Files
swarm-master/docs/openvino-vlm-audio-wakeword-feasibility.md
T
2026-06-04 13:07:51 -07:00

16 KiB

OpenVINO/NPU VLM, audio, and wake-word feasibility

Date: 2026-06-04 Scope: feasibility/spec only for lower-priority assistant sidecars. This document does not enable services, alter Atlas/Hermes/gateway routing, mutate RAG/Chroma/vector collections, or process private document/image directories.

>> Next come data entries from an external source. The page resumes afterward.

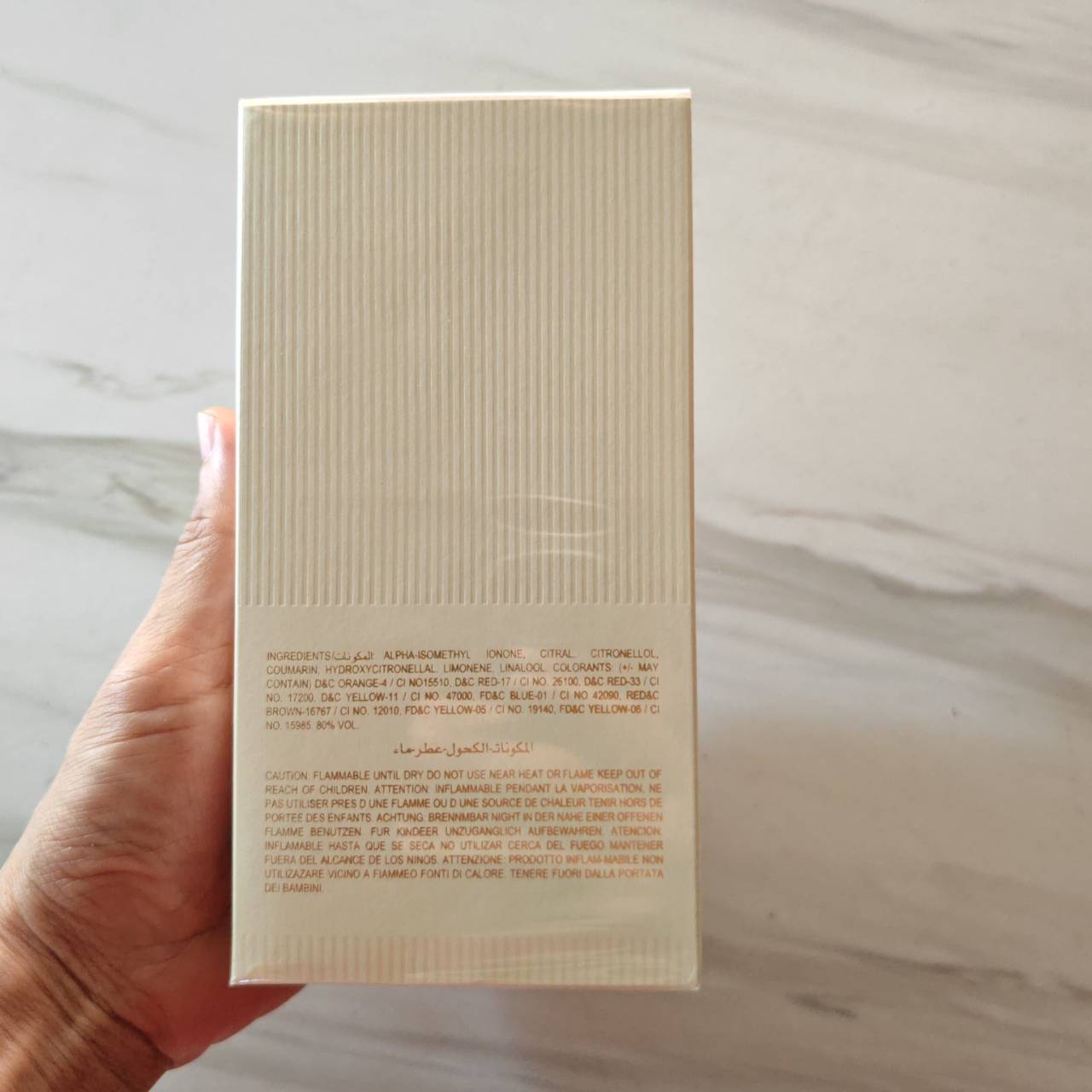 น้ำหอมแท้ Afnan 9AM For Women EDP 100ml กล่องซีล คล้าย MFK Aqua Vitae Forte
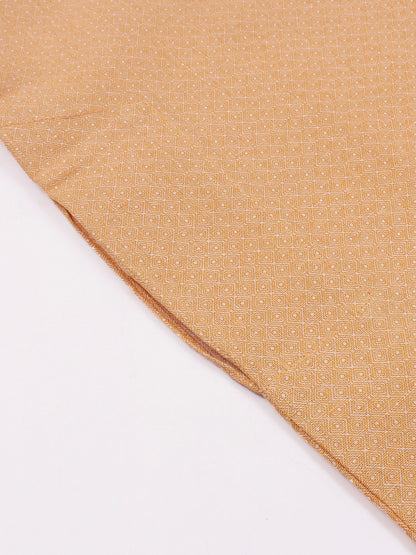 Boys Embroidered Kurta ART VB133 Apricot
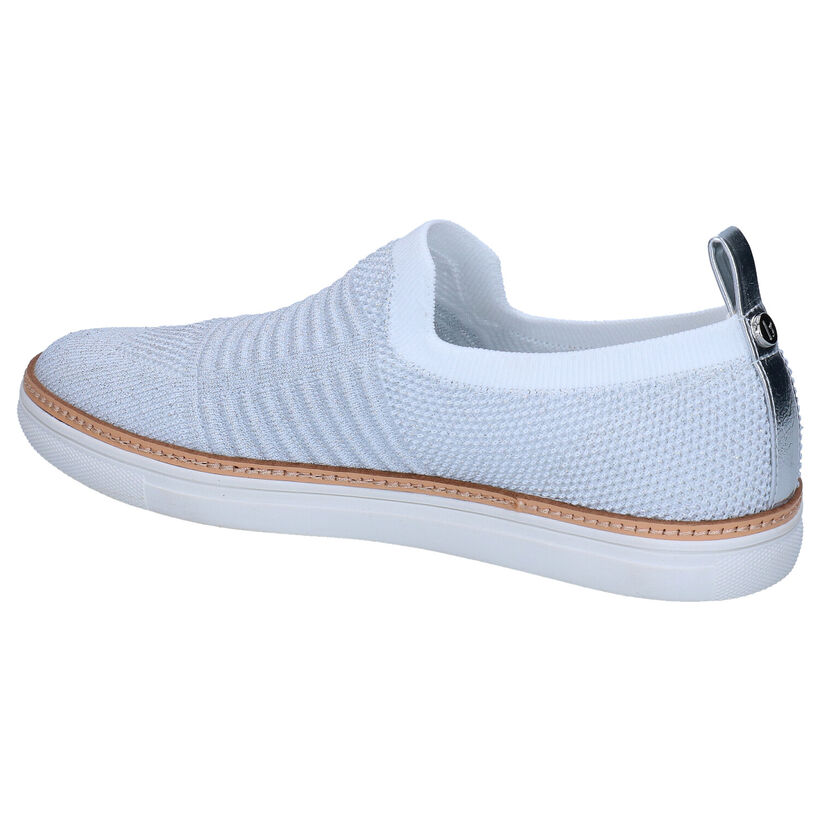 La Strada Roze Instappers in stof (292902)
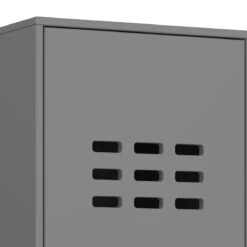 By FonQ Basic Locker Kledingkast - Grijs 8 By FonQ Basic Locker Kledingkast - Grijs -Meubels Voor Thuis 11120803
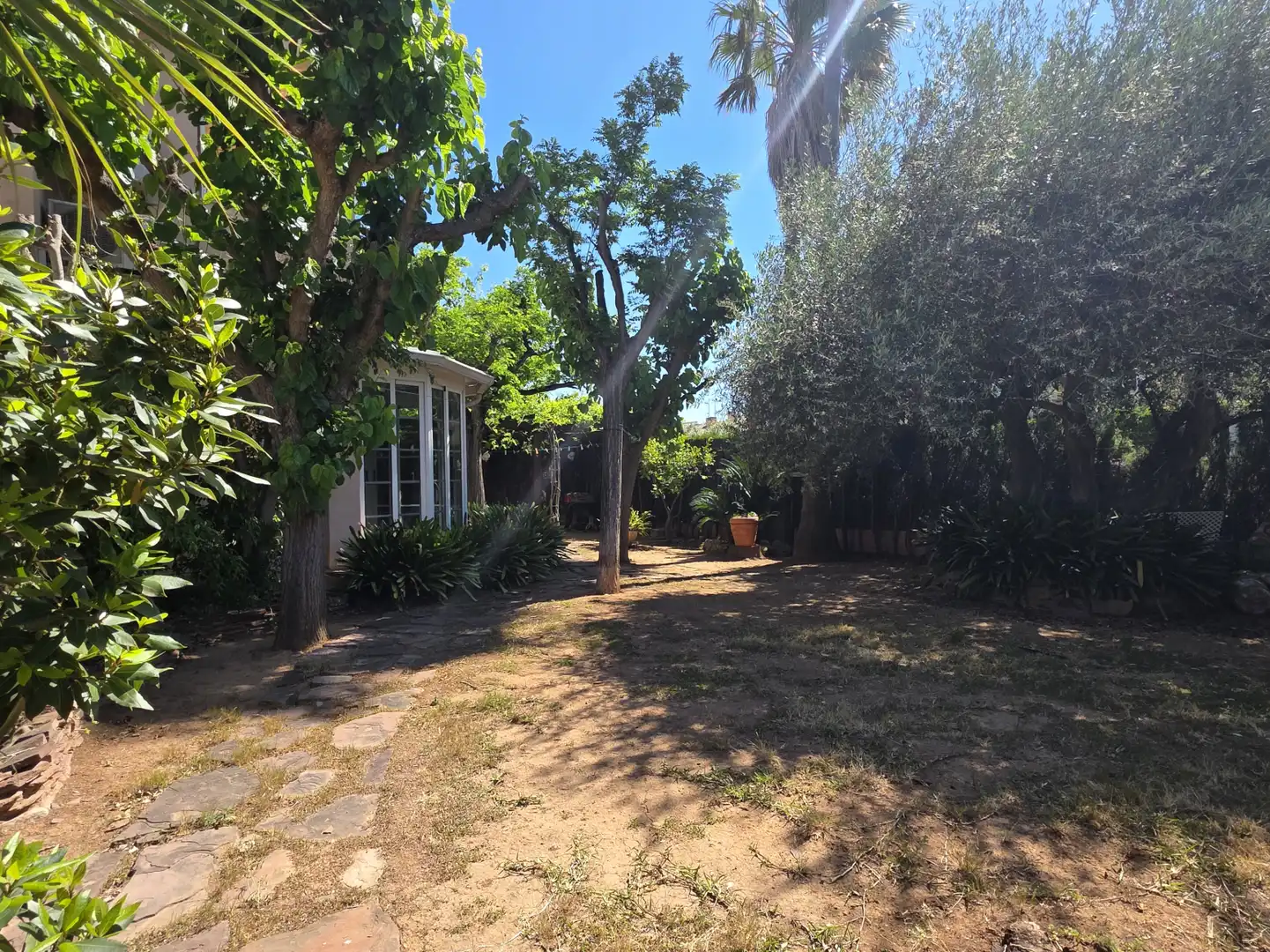 Jardí de Casa adosada en venda en Benicasim / Benicàssim amb Calefacció, Jardí privat i Terrassa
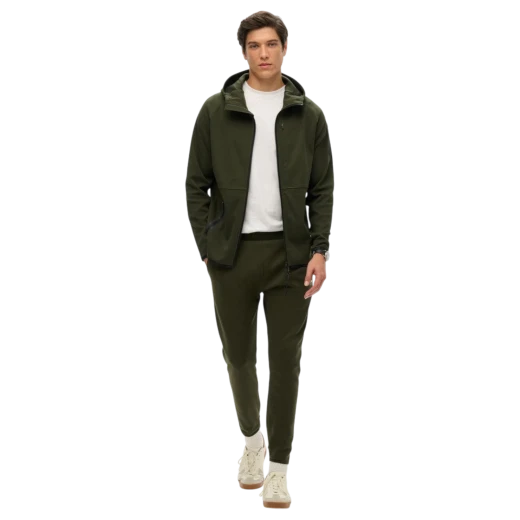 SUPERDRY MUŠKA DUKSERICA MASLINASTA 52789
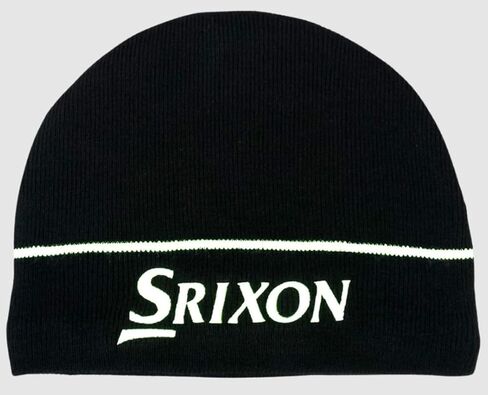 Srixon Golf Beanie, Black in Saudi Arabia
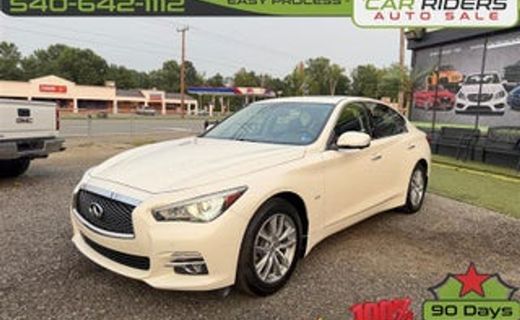 2017 Infiniti Q50 20T Premium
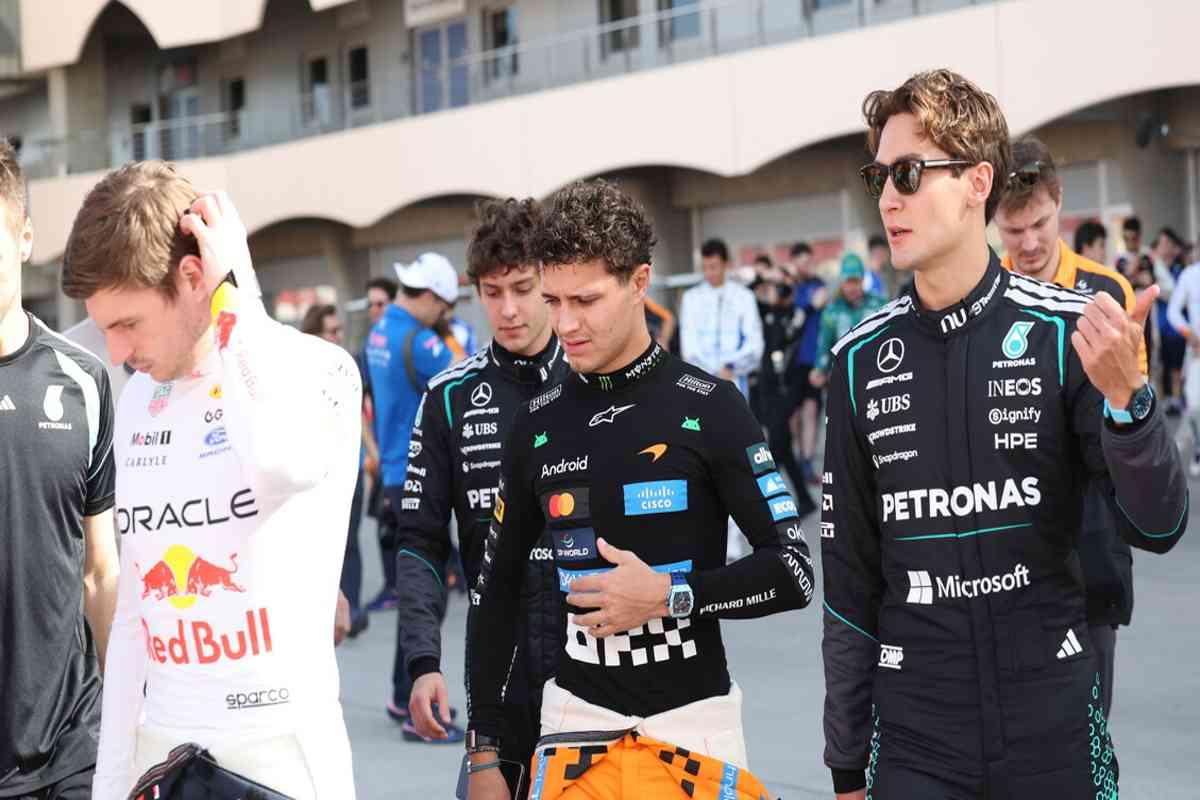 Norris brilla al Test Sakhir: è lui il più veloce della giornata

Existing baseline and constraints

Live baseline discovered by parent task:

  • RAG endpoint: 127.0.0.1:18810
  • RAG health wrapper: 127.0.0.1:18814
  • Whisper OpenVINO NPU: 127.0.0.1:18816
  • OpenVINO embeddings: 127.0.0.1:18817
  • Prototype ports currently reserved/not live: reranker :18818, classifier/router :18819, GenAI worker :18820, optional doc/image triage :18829

Local NPU runtime snapshot from the feasibility run:

  • /home/will/.venvs/npu has openvino==2026.2.0 and openvino-genai==2026.2.0.0.
  • openvino.Core().available_devices reports CPU, GPU.0, GPU.1, and NPU.
  • NPU device name: Intel(R) AI Boost.
  • NPU claims must be verified by positive /sys/class/accel/accel0/device/npu_busy_time_us deltas around inference.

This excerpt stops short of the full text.